Member-only story
Why is the second Principal Component orthogonal (perpendicular) to the first one?

Because the second Principal Component should capture the highest variance from what is left after the first Principal Component explains the data as much as it can. (The first principal component captures the most data variability.)
But why does the orthogonal direction capture the most variation?
If two directions are not orthogonal, they are linearly dependent on each other, which means that one direction can be expressed as a linear combination of the other direction. If two directions are orthogonal (linearly independent), they do not capture any unique variance in the data beyond what the first direction has already caught.
The direction that captures the highest variation in the data is the first principal component (PC1). When finding the second principal component (PC2), the algorithm looks for the direction that captures the most variance but is orthogonal (perpendicular) to PC1.
This is because the goal of PCA is to capture as much variation as possible with as few principal components as possible. By looking for orthogonal directions, each subsequent PC captures additional unique variation in the data.
Additionally, orthogonality between the principal components makes it easier to understand the results because it means that each principal component captures a distinct and non-overlapping source of variation in the data. Because the principal components are orthogonal to each other, we can better understand how the variables are related to each other and find the underlying patterns in the data.
Here is the Python code that makes the above visualization.
# Before running PCA, it is important to first normalize X
X_norm, mu, sigma = featureNormalize(X)
# Run PCA
U, S, V = pca(X_norm)
plt.figure(figsize=(7,5))
plot = plt.scatter(X[:,0], X[:,1], s=30, facecolors='none', edgecolors='b')
plt.title("PCA - Eigenvectors Shown",fontsize=20)

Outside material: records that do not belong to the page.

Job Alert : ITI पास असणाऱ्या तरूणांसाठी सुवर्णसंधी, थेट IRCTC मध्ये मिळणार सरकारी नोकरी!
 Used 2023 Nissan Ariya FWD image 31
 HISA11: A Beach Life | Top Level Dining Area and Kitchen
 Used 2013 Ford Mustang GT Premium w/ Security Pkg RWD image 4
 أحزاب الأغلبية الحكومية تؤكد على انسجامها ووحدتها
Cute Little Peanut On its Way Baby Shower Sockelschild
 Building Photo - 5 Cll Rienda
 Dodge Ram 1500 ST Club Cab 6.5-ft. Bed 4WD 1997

plt.xlabel('x1',fontsize=16)
plt.ylabel('x2',fontsize=16)
plt.grid(True)
plt.plot([mu[0], mu[0] + 1.5*S[0]*U[0,0]],
[mu[1], mu[1] + 1.5*S[0]*U[0,1]],
color='red',linewidth=3,
label='First Principal Component')
plt.plot([mu[0], mu[0] + 1.5*S[1]*U[1,0]],
[mu[1], mu[1] + 1.5*S[1]*U[1,1]],
color='green',linewidth=3,
label='Second Principal Component')
leg = plt.legend(loc=4)
plt.show(block=False)